* **Task requirements**
In the listing below, print exactly the lines from the first through the one that contains "I've trimmed this".

* **Material for this exercise**
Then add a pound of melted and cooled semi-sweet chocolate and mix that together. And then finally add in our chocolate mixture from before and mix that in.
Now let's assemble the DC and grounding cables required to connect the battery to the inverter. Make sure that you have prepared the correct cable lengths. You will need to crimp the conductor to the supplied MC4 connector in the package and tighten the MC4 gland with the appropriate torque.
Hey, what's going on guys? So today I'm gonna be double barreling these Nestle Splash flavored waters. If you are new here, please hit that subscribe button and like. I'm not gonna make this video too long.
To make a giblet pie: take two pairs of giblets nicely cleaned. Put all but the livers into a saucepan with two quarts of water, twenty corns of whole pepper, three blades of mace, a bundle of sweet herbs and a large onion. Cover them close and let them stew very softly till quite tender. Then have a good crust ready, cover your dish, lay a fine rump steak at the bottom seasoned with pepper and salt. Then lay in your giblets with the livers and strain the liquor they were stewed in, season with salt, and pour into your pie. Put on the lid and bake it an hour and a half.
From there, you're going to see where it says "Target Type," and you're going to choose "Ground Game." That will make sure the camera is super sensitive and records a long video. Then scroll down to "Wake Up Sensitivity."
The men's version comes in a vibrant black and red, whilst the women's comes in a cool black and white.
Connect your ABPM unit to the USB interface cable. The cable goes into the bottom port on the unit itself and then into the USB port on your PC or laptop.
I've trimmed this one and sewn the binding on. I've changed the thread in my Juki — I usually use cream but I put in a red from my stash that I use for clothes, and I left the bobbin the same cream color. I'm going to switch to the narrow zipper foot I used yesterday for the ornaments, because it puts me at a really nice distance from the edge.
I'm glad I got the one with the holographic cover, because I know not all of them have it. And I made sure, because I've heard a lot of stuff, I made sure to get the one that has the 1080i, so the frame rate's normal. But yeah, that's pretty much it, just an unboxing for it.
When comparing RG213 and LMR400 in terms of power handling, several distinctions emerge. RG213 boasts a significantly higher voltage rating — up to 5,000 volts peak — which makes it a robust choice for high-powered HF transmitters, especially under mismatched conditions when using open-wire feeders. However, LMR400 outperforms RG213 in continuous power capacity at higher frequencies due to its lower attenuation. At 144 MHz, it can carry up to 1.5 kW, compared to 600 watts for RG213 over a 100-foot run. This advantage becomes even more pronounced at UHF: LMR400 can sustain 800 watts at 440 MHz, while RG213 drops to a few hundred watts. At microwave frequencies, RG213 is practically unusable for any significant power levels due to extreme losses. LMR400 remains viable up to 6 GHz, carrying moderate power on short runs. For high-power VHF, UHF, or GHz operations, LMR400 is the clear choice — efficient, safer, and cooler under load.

* **Answer for the task**
Then add a pound of melted and cooled semi-sweet chocolate and mix that together. And then finally add in our chocolate mixture from before and mix that in.
Now let's assemble the DC and grounding cables required to connect the battery to the inverter. Make sure that you have prepared the correct cable lengths. You will need to crimp the conductor to the supplied MC4 connector in the package and tighten the MC4 gland with the appropriate torque.
Hey, what's going on guys? So today I'm gonna be double barreling these Nestle Splash flavored waters. If you are new here, please hit that subscribe button and like. I'm not gonna make this video too long.
To make a giblet pie: take two pairs of giblets nicely cleaned. Put all but the livers into a saucepan with two quarts of water, twenty corns of whole pepper, three blades of mace, a bundle of sweet herbs and a large onion. Cover them close and let them stew very softly till quite tender. Then have a good crust ready, cover your dish, lay a fine rump steak at the bottom seasoned with pepper and salt. Then lay in your giblets with the livers and strain the liquor they were stewed in, season with salt, and pour into your pie. Put on the lid and bake it an hour and a half.
From there, you're going to see where it says "Target Type," and you're going to choose "Ground Game." That will make sure the camera is super sensitive and records a long video. Then scroll down to "Wake Up Sensitivity."
The men's version comes in a vibrant black and red, whilst the women's comes in a cool black and white.
Connect your ABPM unit to the USB interface cable. The cable goes into the bottom port on the unit itself and then into the USB port on your PC or laptop.
I've trimmed this one and sewn the binding on. I've changed the thread in my Juki — I usually use cream but I put in a red from my stash that I use for clothes, and I left the bobbin the same cream color. I'm going to switch to the narrow zipper foot I used yesterday for the ornaments, because it puts me at a really nice distance from the edge.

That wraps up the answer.